Chip Promises AI Performance in Games
Heartless Gamer writes to mention an Ars Technica article about a dedicated processor for AI performance in games. The product, from a company called AIseek, seeks to do for NPC performance what the PhysX processor does for in-game physics. From the article: "AIseek will offer an SDK for developers that will enable their titles to take advantage of the Intia AI accelerator. According to the company, Intia works by accelerating low-level AI tasks up to 200 times compared to a CPU doing the work on its own. With the acceleration, NPCs will be better at tasks like terrain analysis, line-of-sight sensory simulation, path finding, and even simple movement. In fact, AIseek guarantees that with its coprocessor NPCs will always be able to find the optimal path in any title using the processor." Is this the 'way of the future' for PC titles? Will games powered by specific pieces of hardware become the norm?
I think that AI and physics co-processors have a better future as part of the CPU, rather than an add-in board. Perhaps as additional core(s) on an AMD processor, with full access and feedback to the CPU proper?
The cesspool just got a check and balance.

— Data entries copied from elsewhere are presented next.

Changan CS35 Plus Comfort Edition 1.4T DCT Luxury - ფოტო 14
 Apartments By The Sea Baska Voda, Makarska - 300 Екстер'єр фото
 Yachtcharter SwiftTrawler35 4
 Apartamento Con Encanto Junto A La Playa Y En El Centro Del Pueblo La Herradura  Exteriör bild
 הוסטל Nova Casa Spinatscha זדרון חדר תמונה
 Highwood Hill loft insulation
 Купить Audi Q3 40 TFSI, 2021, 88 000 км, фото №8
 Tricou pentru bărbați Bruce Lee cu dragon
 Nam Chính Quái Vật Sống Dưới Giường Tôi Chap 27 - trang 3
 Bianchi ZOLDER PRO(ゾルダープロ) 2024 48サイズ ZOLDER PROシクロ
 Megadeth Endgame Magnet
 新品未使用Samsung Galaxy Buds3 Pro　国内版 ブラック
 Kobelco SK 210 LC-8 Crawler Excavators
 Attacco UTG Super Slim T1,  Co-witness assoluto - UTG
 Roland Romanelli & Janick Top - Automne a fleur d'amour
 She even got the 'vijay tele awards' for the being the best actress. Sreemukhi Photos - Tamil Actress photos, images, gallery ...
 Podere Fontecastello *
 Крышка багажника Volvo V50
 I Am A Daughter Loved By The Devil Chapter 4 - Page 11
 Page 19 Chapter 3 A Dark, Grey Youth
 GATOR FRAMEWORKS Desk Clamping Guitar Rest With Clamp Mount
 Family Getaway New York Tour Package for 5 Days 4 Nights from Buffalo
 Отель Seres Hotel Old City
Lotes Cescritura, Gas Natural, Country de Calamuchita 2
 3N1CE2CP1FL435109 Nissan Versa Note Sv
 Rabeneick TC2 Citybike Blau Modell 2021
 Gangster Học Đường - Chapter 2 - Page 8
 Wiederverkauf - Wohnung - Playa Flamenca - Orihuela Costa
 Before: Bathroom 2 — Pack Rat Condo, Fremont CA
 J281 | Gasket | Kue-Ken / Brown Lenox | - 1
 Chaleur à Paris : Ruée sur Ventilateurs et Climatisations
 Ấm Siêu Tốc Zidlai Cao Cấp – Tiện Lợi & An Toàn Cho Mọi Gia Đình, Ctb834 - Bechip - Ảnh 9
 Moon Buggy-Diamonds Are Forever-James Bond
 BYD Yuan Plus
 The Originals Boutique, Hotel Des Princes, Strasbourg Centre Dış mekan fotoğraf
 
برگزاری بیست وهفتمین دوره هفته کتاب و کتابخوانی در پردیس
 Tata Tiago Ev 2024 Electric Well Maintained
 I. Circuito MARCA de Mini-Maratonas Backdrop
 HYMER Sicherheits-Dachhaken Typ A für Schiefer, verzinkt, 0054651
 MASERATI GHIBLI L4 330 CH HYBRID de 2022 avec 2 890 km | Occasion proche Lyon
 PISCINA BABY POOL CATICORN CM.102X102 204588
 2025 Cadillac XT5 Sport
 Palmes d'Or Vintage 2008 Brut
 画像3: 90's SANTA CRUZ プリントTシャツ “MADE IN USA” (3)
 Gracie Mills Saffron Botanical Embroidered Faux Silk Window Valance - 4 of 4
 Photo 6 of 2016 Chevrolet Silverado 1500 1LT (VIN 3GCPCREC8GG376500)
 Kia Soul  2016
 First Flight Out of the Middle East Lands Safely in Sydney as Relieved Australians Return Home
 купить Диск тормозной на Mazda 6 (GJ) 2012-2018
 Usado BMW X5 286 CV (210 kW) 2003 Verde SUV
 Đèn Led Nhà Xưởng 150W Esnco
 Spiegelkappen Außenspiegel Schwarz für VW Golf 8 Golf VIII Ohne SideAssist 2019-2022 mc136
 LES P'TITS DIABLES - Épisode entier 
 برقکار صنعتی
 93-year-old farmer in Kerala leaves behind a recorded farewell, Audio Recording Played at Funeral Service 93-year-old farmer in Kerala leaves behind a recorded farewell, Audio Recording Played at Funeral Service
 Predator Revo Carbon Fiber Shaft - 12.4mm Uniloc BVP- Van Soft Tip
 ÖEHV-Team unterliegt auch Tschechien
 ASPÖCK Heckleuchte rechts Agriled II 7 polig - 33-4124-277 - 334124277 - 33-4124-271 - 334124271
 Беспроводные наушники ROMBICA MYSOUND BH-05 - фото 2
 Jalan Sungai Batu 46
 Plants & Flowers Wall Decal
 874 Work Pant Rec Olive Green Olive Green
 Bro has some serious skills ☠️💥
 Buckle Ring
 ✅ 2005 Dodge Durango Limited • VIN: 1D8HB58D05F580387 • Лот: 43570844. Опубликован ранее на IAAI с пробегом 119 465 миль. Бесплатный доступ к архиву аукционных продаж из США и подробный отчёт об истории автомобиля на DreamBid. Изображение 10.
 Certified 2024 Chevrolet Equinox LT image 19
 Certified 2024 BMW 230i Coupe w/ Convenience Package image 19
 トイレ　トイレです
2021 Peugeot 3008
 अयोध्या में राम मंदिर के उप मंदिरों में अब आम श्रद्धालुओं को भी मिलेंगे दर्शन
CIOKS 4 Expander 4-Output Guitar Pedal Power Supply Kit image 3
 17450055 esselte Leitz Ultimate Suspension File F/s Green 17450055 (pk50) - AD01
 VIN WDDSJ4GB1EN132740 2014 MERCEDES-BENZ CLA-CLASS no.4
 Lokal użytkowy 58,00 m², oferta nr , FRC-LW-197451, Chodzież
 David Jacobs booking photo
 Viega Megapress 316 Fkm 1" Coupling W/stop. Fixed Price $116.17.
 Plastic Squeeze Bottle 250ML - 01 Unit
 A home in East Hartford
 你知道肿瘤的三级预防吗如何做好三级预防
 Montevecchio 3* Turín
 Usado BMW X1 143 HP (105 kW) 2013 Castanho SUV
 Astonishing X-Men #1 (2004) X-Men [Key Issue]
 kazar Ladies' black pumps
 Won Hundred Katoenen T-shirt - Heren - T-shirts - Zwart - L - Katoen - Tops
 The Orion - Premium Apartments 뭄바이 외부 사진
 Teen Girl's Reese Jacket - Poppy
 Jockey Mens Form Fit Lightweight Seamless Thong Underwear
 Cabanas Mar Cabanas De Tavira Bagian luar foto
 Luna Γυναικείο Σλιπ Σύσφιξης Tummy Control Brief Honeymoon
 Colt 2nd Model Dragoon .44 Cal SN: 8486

Um, computers have multiple cores. Unless I am on drugs, I don't think games are using the extra core(s) as much as they could, if at all. How about making one core in a dual core processor do the AI calculations, and the other core do the "main" stuff? Since cores are only going to increase, this seems logical to me. It's not like any kind of card you plug into your computer would ever be accepted by the market/developers.